Mais les responsables d’aumônerie contactées avouent qu’elles ne sont pas très à l’aise avec le numérique, « moins que nos jeunes qui sont nés avec Internet ». Il faudrait peut-être que l’on ose plus. », admet Marie-Line Richard.
De Taizé à Netflix
Des jeunes, justement, proposent des programmes plus attractifs pour la communauté de leur âge. C’est le cas du collectif Trinité, un groupe de jeunes croyants de Haute-Savoie qui a lancé en 2017 sa propre marque de vêtements religieux. Son fondateur, Elie Duverney, est étudiant en commerce et fréquente l’aumônerie de Saint-Julien. Pour lui, on ne peut pas intéresser des jeunes qui viennent à l’aumônerie de temps en temps en se contentant d’envoyer un lien. « C’est bien sympa, mais ce n’est pas très bien amené. Je doute que beaucoup cliquent et restent dessus. » Elie est aussi membre de l’aumônerie d’Annecy, qui propose, elle , davantage de solutions multimédia aux confinement. « Le premier mercredi, nous nous sommes réunis par petits groupes en visioconférence pour partager l’évangile du jour. Nous avons passé un très beau moment, ça ne changeait pas vraiment de d’habitude. ».

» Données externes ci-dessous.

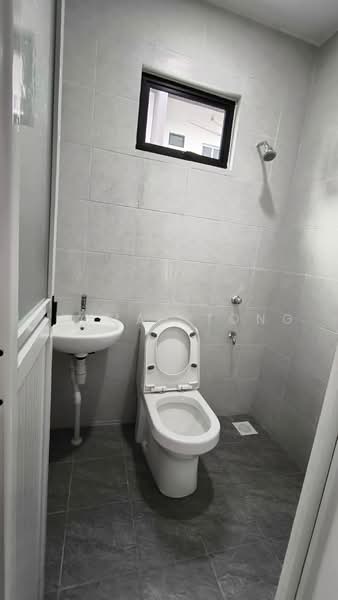 Townhouse for Rent in Kuching (Sarawak) - Thomas Tong - Bathroom - PropertyGuru.com.my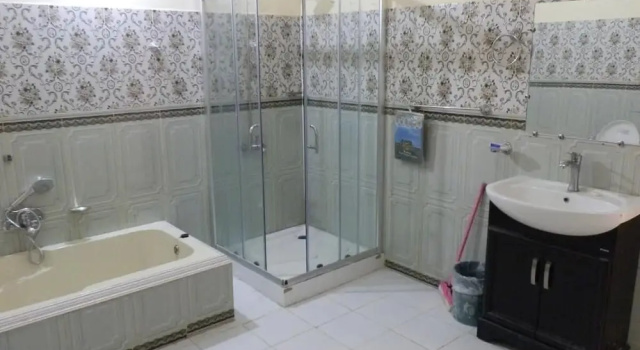 Номер Deluxe Golden Peak View Hotel
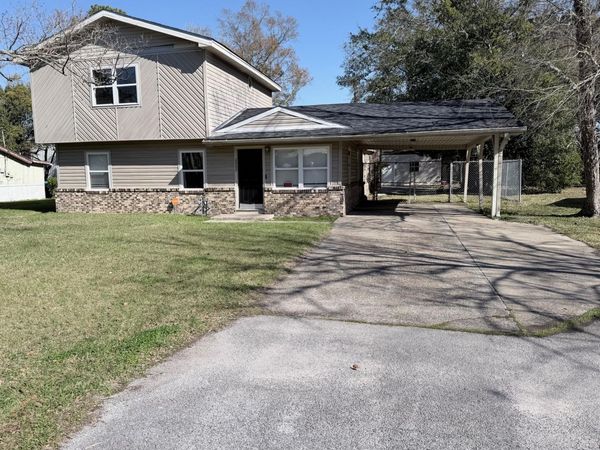 2002 Forrest Street, Pascagoula, MS 39581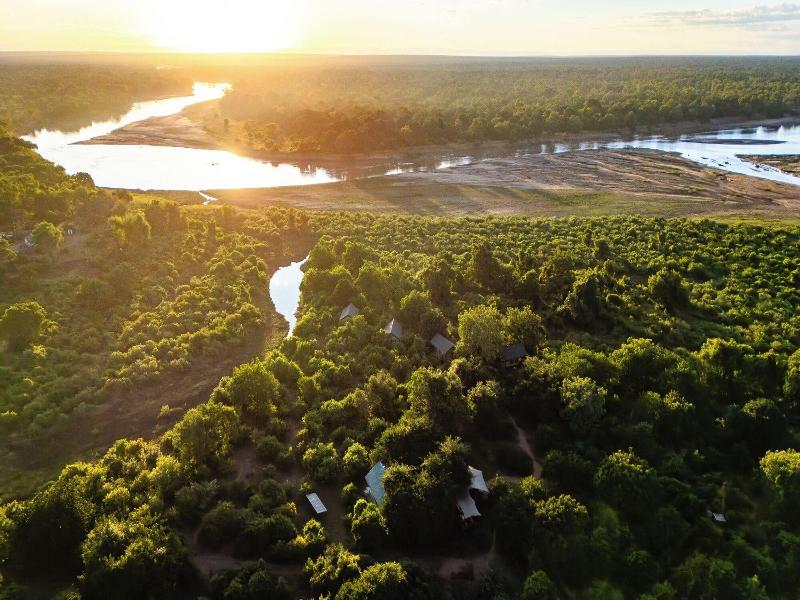 Camp Sabali Safaris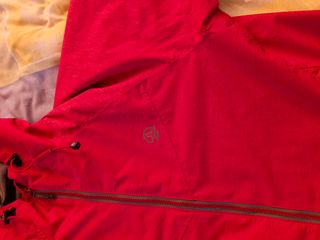 Chaqueta Ternua Talla L Roja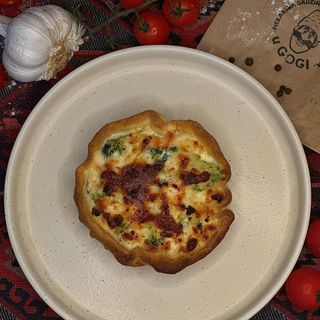 Tarta z łososiem i brokułami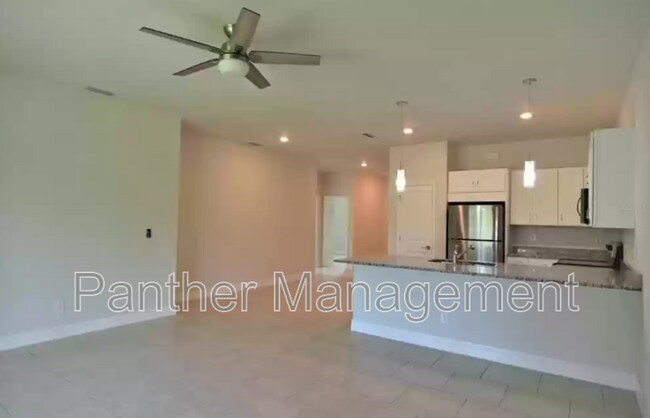 Building Photo - 1012 San Cristobal Ave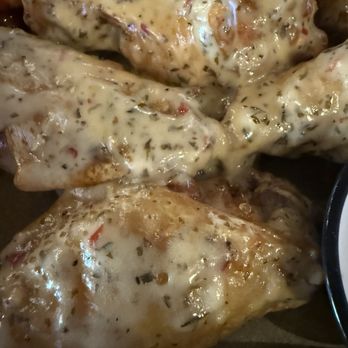 Buffalo Wild Wings - Garlic parm - Sports Bars Near Me - Willoughby, Ohio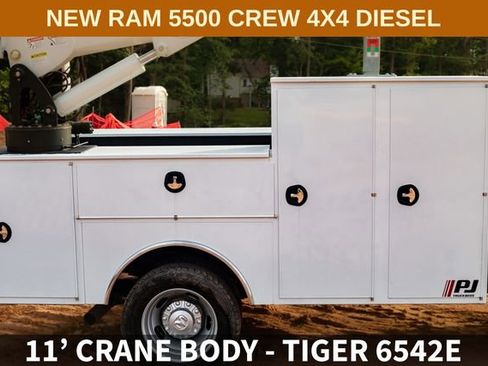 New 2025 RAM 5500 Tradesman AWD/4WD image 12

Trinité veut dynamiser les contenus apportés aux jeunes, quitte à dépasser le cadre des rencontres d’aumônerie : le collectif vient de lancer il y a un mois une chaîne Youtube, Trinité TV, où des croyants viennent exprimer leur foi à travers des témoignages forts. Daniel Marie, braqueur de banques devenu prêtre, ou Pedro Henrique Bueno, footballeur des Chamois Niortais, ont notamment été interviewés. « Nous comptons sortir une vidéo par semaine. Le confinement tombe bien pour nous. », ironise Elie Duverney. Il conseille aussi le visionnage à plusieurs de la série Netflix Kingdom and Empire, qui raconte la vie des apôtres.
Les prêtres osent le numérique
Mais les jeunes ne cherchent pas pour autant à rester entre eux. Le prêtre Vincent Rossat, accompagnateur de la Pastorale des Jeunes, se dit « très sollicité » : «Évangile Radio, un groupe Whatsapp de jeunes, m’a demandé de m’enregistrer tous les deux jours pendant que je prononce des paroles de l’ Évangile. Réticent au départ, j’ai compris que c’était important pour eux de continuer à entretenir le lien qui s’est tissé avec « leur » prêtre ».
Loin de porter préjudice à la foi des jeunes, cette période de confinement devient en fait selon Marie-Line Richard « l’occasion ou jamais d’en tirer des bénéfices » pour apprendre à intéresser autrement les jeunes au-delà du temps des rencontres. « C’est l’occasion pour eux de comprendre que l’aumônerie et l’église où ils prient, et leur vie quotidienne, ne sont pas deux mondes parallèles », éclaire Vincent Rossat. « Parce que contrairement à un sport ou à un travail, on n’arrête jamais d’avoir la foi ».